Later that night, my daughter crawls out of bed and comes to find me, tears in her eyes, cell phone in hand. She shows me a text from her friend; it said the 4 year-old has to spend every Saturday night with her biological father; a man I had been told was less-than-ideal. She continues to say how she is so attached to her foster sister, and how she is lying in bed with the little girl and “crying her heart out.” My heart sinks at the sight of her words. I have walked in her shoes. I can’t help but cry at her heartbreak.
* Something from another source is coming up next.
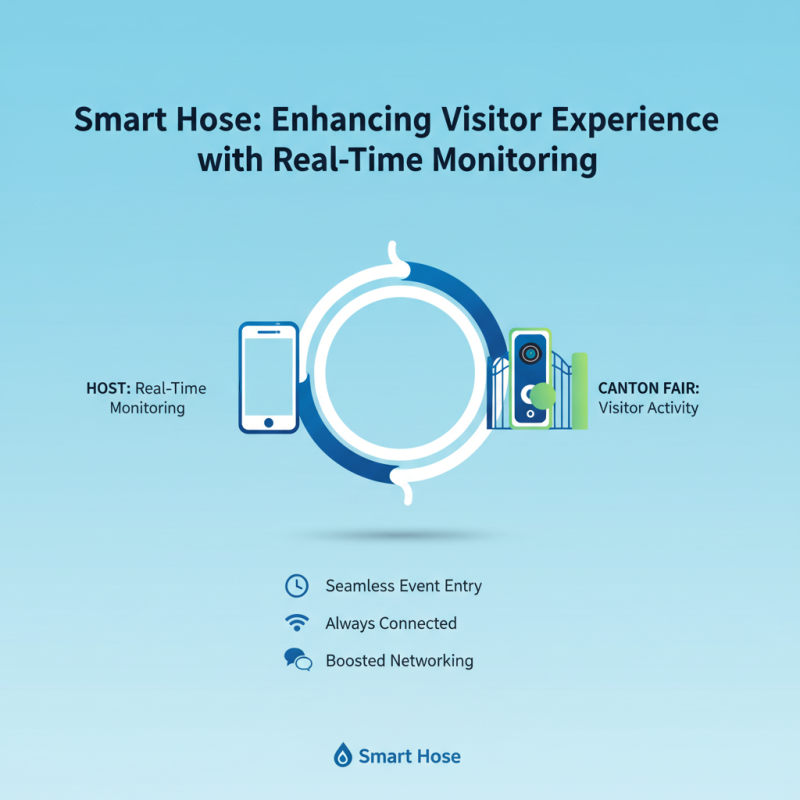 Top 10 Smart Hose Wireless Video Doorbell Uses at Canton Fair?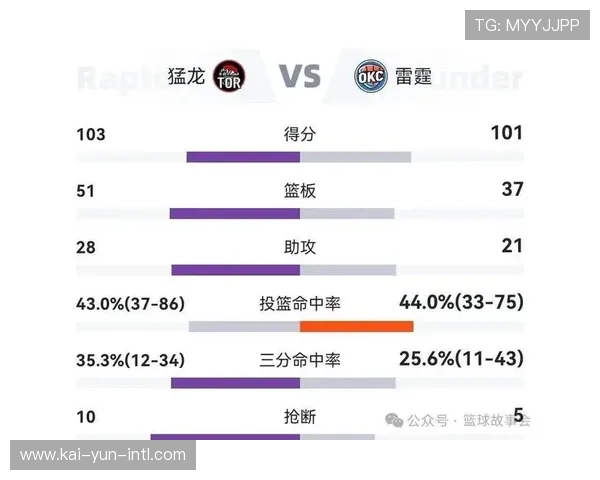 雷霆近期进攻效率下滑 近五场场均仅110.2分暴露关键时刻得分难题 雷霆近期进攻效率下滑 近五场场均仅110.2分暴露关键时刻得分难题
Saturday morning, I ask my mother to help in any way she can; even if only to talk to let the family know they are not alone. I ask the other women mentioned earlier, if they are there for this family if need be. They are eagerly on stand-by, even though they have never been personally introduced. Because there is strength on numbers. And neighbors. And we all speak the color-blind, love-filled, universal language of our children. Not just our own, but everyone’s. So treat everyone nice, they may in fact, end up next door. You may need help, or you may need to help. And nothing in this world feels better than helping a neighbor’s child.